WHAT TO WORK ON: Pick every line with "Printed" from the material below.
━━━━━ THE RECORDS ━━━━━
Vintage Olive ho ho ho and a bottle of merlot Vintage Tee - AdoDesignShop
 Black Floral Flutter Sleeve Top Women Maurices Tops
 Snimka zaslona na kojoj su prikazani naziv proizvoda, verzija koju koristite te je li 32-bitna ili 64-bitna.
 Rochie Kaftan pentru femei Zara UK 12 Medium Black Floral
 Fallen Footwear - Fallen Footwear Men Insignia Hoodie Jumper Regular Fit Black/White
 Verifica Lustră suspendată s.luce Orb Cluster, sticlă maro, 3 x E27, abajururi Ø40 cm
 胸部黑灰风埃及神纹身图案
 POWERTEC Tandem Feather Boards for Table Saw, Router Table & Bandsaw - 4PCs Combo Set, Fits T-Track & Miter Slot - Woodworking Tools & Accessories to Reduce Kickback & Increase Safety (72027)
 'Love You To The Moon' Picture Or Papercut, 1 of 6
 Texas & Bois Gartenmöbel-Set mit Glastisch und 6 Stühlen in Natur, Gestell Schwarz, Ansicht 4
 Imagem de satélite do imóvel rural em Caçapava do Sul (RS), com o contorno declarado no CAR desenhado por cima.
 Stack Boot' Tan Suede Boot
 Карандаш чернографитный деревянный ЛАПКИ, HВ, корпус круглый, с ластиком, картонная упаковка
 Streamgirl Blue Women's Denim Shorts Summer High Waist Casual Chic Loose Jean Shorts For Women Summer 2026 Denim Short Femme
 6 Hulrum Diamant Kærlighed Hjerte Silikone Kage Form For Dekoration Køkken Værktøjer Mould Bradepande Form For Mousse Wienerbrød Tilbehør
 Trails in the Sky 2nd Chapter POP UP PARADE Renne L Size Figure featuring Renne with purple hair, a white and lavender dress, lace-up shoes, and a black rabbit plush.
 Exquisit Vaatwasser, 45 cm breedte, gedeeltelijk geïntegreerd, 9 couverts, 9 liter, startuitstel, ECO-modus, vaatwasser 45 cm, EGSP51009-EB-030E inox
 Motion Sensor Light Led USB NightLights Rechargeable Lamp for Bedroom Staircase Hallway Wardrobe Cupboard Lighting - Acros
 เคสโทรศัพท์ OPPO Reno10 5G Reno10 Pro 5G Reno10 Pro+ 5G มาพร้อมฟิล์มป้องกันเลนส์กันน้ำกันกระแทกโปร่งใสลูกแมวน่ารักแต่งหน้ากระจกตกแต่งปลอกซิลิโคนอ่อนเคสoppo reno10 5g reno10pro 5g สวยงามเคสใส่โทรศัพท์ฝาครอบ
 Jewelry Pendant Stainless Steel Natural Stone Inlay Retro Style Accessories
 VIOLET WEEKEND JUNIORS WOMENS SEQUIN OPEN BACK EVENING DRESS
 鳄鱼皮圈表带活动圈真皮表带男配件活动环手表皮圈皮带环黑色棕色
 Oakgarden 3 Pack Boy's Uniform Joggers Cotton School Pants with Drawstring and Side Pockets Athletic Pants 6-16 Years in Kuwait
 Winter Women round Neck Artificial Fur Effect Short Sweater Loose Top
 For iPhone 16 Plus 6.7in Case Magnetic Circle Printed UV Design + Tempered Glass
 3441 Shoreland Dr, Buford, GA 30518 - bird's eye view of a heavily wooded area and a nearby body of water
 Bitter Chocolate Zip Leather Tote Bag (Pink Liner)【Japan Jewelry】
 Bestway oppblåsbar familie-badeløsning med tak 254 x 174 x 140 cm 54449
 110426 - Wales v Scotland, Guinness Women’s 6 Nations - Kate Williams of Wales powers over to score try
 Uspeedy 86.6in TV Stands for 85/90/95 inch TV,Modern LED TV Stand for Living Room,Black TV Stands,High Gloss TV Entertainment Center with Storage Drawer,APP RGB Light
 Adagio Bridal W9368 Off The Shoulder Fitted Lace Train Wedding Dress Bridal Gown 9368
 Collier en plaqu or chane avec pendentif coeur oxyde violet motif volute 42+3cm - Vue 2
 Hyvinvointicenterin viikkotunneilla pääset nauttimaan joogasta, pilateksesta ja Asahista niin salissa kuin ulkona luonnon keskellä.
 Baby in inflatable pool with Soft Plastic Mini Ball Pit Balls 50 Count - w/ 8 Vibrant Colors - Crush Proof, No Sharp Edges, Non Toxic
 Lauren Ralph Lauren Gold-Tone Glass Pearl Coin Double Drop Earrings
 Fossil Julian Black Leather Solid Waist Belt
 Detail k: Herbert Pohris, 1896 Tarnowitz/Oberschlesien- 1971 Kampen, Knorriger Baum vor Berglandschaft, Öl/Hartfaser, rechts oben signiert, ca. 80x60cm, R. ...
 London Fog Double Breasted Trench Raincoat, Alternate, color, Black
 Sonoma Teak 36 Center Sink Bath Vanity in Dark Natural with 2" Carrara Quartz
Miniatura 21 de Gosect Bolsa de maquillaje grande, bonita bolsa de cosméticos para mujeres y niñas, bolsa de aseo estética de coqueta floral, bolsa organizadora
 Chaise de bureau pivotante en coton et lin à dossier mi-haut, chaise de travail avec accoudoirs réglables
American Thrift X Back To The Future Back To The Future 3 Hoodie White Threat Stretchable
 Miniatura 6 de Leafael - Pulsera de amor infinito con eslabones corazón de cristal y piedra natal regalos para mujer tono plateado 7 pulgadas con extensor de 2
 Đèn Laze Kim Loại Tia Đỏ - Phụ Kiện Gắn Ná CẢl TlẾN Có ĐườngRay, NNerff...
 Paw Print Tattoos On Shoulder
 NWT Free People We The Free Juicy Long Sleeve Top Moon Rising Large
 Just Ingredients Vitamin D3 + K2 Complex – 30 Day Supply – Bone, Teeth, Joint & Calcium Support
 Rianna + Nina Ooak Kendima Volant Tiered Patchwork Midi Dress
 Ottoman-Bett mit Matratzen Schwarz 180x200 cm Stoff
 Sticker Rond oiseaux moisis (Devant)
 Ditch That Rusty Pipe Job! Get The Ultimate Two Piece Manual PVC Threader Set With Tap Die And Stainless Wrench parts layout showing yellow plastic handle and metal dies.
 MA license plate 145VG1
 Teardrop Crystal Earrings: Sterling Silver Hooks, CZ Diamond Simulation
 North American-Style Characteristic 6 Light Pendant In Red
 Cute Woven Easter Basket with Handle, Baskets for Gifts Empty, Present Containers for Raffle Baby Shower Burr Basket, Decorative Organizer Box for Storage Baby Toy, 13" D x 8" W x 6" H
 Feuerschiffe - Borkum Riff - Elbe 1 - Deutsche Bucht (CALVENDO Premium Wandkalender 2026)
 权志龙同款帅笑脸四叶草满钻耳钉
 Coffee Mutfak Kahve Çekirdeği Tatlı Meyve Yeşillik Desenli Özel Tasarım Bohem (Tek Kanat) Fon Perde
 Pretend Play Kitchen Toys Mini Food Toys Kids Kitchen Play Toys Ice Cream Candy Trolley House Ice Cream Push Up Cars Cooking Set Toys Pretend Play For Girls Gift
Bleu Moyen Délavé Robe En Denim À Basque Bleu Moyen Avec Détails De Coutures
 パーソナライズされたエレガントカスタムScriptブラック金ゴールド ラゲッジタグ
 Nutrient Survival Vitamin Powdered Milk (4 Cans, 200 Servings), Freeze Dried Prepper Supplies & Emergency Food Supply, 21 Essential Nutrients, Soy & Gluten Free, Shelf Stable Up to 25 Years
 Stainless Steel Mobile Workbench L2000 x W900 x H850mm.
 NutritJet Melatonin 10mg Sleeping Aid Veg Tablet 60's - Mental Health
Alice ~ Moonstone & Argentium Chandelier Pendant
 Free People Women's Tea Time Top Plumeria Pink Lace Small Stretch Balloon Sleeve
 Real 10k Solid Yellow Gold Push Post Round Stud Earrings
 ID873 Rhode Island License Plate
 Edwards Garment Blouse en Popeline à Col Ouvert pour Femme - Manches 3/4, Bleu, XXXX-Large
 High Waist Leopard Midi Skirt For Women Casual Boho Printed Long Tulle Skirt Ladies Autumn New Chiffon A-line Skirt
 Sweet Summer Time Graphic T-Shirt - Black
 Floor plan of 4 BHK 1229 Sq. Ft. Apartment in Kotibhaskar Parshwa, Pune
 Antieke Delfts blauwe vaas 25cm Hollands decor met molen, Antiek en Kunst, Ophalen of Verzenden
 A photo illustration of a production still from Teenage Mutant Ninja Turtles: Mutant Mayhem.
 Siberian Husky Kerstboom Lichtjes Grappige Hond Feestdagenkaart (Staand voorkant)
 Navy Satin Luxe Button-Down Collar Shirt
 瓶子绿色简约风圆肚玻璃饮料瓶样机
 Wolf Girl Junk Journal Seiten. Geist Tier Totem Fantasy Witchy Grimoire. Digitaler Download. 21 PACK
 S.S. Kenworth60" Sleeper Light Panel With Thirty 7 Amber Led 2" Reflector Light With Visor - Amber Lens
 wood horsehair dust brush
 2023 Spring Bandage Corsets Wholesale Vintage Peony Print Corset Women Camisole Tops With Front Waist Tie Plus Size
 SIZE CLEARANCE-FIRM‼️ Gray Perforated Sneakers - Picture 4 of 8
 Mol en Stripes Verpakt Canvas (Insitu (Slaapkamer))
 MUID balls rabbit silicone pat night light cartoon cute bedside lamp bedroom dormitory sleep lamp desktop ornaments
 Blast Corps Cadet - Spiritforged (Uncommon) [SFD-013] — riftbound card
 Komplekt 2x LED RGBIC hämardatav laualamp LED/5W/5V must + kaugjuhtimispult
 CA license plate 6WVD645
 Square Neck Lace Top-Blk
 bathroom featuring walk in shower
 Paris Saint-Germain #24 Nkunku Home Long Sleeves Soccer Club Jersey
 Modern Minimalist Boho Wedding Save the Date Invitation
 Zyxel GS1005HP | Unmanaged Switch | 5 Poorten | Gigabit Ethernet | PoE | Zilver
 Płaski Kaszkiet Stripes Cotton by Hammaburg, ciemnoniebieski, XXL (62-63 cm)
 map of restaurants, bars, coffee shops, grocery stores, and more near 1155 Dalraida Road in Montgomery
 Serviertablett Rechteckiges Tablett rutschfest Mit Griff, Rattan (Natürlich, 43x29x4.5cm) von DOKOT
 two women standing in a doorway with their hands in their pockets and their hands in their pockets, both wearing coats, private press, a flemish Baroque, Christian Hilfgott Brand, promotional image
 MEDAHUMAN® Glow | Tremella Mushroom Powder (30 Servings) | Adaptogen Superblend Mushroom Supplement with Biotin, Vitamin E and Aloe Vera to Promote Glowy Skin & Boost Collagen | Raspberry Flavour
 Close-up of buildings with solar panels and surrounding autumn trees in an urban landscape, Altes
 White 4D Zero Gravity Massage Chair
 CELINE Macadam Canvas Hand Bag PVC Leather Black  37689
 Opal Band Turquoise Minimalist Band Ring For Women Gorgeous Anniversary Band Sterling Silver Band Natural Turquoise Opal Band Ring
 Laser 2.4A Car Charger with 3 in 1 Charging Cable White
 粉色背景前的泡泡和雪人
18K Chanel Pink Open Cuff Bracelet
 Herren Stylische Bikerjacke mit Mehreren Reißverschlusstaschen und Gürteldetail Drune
━━━━━
WORKED SOLUTION:
 For iPhone 16 Plus 6.7in Case Magnetic Circle Printed UV Design + Tempered Glass
 High Waist Leopard Midi Skirt For Women Casual Boho Printed Long Tulle Skirt Ladies Autumn New Chiffon A-line Skirt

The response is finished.